The Blohm & Voss BV 143 was an early prototype rocket-assisted glide bomb developed by the German Luftwaffe during World War II.

Design
Blohm & Voss designers began to consider airborne missiles late in 1938, even before the outbreak of war. First of these to be developed was the Bv 143, a glide bomb with rocket booster. Trials began in 1939.

By 1941, Allied merchant ships were slow and easy targets for German coastal bombers, but were proving increasingly well-equipped with anti-aircraft artillery, making short-range attacks prohibitively costly. Interest was raised in the development of a stand off weapon to engage unarmored merchant ships from beyond the range of the Bofors 40 mm gun. The BV 143 was one of several stand off bomb and missile designs researched by the Blohm & Voss Naval Engineering Works for this anti-shipping role.

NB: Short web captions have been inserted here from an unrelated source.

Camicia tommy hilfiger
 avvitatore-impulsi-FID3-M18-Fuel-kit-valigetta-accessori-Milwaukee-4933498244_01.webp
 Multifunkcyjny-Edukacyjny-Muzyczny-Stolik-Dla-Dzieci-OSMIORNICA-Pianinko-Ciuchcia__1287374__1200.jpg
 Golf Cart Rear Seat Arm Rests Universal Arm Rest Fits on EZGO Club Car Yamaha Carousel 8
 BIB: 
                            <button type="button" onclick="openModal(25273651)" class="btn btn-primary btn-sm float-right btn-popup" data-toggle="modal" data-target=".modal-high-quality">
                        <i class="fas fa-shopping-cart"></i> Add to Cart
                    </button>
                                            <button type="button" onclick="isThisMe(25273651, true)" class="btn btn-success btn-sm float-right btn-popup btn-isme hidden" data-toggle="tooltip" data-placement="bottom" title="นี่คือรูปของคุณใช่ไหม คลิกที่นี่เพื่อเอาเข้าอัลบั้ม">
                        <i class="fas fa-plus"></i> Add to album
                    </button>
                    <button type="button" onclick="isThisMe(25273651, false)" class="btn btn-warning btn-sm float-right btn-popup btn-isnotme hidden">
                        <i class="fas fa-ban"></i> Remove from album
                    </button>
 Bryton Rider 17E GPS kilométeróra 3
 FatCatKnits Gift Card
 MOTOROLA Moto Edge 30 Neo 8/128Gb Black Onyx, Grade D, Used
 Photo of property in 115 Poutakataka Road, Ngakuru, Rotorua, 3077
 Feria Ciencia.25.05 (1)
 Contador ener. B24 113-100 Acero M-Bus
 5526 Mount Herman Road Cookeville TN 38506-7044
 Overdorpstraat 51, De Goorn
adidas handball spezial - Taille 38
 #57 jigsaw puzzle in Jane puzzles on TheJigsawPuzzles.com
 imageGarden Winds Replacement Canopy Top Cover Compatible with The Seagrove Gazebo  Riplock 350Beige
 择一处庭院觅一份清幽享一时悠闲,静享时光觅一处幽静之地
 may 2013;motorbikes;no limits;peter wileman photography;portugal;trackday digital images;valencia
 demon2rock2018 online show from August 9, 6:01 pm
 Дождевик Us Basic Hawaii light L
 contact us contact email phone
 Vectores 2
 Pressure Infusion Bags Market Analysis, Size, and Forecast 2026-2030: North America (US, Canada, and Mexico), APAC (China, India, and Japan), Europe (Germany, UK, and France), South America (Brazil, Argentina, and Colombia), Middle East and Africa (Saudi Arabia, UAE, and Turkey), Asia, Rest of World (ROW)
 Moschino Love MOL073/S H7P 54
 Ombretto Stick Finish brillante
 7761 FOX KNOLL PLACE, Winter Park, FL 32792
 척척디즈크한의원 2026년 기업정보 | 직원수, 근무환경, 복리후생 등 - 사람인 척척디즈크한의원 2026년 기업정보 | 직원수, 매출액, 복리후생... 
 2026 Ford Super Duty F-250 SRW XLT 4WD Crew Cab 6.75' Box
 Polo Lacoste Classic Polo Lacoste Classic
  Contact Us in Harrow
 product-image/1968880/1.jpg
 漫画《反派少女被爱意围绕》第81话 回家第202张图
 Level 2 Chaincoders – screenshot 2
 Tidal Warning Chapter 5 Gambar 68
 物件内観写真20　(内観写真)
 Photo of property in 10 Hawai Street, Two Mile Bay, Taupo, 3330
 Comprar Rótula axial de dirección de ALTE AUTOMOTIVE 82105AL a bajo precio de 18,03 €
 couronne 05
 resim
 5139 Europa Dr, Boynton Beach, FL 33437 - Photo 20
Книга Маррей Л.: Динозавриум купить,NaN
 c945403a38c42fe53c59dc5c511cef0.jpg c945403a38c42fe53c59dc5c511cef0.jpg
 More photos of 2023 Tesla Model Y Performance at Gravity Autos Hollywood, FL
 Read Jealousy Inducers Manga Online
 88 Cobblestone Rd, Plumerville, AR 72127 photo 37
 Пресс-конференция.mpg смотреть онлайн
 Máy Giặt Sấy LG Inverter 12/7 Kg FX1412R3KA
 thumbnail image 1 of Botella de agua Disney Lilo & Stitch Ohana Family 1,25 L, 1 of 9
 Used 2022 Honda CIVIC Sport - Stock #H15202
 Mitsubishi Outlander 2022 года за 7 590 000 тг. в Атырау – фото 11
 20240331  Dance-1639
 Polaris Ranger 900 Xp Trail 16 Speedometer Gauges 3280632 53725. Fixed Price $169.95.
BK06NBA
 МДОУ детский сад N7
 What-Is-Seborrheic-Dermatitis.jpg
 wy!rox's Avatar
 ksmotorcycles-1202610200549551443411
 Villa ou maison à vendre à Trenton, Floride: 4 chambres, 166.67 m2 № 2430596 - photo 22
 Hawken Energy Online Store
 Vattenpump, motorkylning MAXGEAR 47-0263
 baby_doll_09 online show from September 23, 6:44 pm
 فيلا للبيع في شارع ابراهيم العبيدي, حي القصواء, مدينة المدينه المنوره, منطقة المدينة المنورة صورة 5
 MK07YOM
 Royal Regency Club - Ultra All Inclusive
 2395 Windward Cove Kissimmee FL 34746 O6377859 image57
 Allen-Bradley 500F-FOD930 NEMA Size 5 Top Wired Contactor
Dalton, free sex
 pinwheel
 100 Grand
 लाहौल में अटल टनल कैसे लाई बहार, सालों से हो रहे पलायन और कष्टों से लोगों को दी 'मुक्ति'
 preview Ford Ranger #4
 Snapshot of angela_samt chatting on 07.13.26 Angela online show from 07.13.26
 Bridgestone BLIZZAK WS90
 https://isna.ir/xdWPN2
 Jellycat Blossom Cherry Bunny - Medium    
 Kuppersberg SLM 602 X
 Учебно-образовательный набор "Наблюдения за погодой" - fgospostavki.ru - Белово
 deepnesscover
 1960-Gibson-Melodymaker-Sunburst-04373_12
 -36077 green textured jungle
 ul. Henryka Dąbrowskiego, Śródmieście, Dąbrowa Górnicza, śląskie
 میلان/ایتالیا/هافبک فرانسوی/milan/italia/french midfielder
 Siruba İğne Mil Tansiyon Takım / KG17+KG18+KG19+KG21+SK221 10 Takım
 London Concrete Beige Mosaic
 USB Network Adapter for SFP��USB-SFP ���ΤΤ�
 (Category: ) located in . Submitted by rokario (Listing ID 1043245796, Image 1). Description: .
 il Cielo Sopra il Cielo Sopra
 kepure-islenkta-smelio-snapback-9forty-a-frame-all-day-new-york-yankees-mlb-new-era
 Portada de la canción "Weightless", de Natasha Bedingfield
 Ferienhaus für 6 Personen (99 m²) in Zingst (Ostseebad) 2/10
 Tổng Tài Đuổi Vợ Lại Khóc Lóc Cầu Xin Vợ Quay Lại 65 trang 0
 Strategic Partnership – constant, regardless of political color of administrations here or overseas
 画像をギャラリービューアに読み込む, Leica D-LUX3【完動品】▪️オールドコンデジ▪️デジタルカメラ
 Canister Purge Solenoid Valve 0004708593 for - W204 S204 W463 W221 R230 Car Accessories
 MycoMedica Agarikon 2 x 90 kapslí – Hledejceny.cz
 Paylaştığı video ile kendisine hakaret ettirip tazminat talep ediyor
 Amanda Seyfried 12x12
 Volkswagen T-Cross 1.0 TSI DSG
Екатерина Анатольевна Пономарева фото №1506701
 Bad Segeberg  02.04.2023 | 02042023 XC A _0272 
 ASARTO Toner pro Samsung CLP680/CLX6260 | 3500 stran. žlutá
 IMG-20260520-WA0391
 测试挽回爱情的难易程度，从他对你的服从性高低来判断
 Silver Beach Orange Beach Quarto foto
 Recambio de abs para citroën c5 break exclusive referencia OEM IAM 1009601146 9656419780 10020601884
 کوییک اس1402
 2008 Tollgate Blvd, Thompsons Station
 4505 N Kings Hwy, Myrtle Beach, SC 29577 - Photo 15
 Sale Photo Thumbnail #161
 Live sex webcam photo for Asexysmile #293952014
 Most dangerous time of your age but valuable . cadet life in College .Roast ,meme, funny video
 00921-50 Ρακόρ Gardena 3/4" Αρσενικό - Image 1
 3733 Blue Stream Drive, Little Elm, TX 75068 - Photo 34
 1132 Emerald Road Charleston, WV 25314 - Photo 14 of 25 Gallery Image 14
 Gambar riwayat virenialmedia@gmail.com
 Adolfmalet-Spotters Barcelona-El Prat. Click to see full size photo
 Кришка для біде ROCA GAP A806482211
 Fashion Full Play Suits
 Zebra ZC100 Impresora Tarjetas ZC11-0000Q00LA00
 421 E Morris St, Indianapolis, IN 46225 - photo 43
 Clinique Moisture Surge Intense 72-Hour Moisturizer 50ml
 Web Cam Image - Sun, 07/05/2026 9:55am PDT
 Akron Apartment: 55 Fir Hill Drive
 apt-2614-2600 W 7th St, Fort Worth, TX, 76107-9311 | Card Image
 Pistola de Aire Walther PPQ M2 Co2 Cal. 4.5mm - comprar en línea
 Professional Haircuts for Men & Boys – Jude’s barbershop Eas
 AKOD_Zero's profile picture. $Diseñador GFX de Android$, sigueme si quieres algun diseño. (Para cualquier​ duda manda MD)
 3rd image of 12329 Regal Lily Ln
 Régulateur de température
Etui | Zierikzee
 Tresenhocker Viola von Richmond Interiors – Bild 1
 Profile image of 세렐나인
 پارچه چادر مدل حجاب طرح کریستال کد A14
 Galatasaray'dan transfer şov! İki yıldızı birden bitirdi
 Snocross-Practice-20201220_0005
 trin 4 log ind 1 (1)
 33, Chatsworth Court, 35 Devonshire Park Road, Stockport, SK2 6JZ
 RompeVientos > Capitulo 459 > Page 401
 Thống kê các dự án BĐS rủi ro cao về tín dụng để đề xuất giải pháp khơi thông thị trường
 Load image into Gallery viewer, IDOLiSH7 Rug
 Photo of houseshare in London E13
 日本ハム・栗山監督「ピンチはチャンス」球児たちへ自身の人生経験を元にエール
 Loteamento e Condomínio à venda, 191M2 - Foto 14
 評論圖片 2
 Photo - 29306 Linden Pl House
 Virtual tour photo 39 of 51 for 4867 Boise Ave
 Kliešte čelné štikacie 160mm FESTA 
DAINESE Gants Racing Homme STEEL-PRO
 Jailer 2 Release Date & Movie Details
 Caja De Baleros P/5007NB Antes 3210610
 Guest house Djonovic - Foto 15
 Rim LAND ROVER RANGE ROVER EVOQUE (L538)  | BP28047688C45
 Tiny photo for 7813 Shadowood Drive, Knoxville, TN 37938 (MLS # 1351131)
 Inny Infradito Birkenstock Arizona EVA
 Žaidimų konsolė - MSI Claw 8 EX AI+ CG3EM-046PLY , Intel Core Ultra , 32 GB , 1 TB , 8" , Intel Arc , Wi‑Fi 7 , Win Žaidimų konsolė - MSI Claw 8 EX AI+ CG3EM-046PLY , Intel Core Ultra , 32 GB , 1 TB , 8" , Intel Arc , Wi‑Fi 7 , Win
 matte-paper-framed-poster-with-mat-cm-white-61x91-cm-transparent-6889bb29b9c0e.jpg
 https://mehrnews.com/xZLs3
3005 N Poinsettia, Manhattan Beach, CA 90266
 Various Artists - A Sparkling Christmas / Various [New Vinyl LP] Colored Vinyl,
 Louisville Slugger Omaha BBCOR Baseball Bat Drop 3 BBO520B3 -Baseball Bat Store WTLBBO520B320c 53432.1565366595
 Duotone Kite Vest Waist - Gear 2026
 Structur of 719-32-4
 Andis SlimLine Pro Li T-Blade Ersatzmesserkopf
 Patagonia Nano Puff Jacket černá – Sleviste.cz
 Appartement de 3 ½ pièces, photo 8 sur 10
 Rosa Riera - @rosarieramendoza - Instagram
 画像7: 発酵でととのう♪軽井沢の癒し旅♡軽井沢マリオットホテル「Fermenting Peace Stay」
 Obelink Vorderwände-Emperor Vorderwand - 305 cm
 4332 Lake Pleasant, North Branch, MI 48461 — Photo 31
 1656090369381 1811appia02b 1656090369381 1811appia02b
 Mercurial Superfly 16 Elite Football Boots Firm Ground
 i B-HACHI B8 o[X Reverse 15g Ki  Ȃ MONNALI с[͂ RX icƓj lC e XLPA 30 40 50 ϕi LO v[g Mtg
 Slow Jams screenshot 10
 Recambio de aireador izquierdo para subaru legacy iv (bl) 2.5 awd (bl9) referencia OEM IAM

The Bv 143 was designed to be air-dropped from beyond the range of antiaircraft guns, glide towards the target, engage its solid rocket motor below the line of fire of guns, and commence a short (30 second, maximum) high speed dash to the target, striking  above the waterline. The first design, with straight wings and cross-like tail, featured a 2-meter instrumented "feeler probe" suspended from the body, designed to start the rocket on contacting the sea surface. A pitch-only autopilot then maintained the bomb at the 2 m probe length until striking the target. The first working prototypes of this design were completed in February 1941. Tests during 1943 showed the probe-based design to be unworkable and after additional design time it was replaced with a radio altimeter, which although being less fragile also ultimately proved unsatisfactory.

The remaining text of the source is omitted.